What happens when a malware analyst decides to build a product he always wished he had? The case of ANY.RUN tells us that ten years later it may turn into an industry-standard solution, adopted by 74 Fortune 100 companies.
Celebrating a decade of ANY.RUN, CEO Aleksey Lapshin shared his perspective on the evolution of the company, the reality of AI in cybersecurity, and why human expertise remains the most valuable asset in the age of AI.
Key Takeaways
- According to Aleksey Lapshin, ANY.RUN was created to solve real problems analysts faced every day: slow investigations, fragmented tools, and inefficient workflows.
- Lapshin believes that despite rapid AI adoption, human expertise and manual verification are becoming even more valuable in modern SOC operations.
- One of ANY.RUN’s biggest competitive advantages is its community-driven threat intelligence built from thousands of daily analyst investigations.

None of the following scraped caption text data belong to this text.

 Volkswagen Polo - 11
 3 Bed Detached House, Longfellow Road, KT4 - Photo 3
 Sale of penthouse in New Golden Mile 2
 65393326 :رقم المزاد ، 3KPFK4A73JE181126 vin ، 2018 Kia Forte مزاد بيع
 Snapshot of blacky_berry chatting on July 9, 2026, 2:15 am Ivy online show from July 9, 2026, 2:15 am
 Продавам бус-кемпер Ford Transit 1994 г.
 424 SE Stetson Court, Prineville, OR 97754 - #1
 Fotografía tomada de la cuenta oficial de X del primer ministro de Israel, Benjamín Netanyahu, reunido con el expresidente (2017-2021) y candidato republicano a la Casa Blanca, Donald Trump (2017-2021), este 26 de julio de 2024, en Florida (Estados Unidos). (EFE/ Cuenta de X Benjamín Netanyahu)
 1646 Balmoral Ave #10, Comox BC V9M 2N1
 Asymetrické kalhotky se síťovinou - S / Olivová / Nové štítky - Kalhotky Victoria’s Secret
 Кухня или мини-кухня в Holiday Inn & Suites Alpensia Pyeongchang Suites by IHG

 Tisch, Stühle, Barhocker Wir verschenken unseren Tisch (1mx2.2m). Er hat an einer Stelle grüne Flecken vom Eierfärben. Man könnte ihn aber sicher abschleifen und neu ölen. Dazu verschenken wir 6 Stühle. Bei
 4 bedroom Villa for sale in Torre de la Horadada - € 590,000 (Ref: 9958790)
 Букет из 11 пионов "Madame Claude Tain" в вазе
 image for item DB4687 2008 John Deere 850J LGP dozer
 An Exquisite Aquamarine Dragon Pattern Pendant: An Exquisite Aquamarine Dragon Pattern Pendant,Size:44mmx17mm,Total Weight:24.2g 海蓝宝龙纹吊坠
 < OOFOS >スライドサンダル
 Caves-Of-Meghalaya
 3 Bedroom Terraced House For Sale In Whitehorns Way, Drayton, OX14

- The company’s long-term vision is to create a faster, less stressful, and more effective environment for cybersecurity teams.
- The CEO argues that AI will not replace cybersecurity professionals; instead, it will increase the need for skilled analysts capable of validating and responding to complex threats.
The Foundation of ANY.RUN
Q: Going back a decade, what was the initial spark that led to the creation of ANY.RUN in 2016?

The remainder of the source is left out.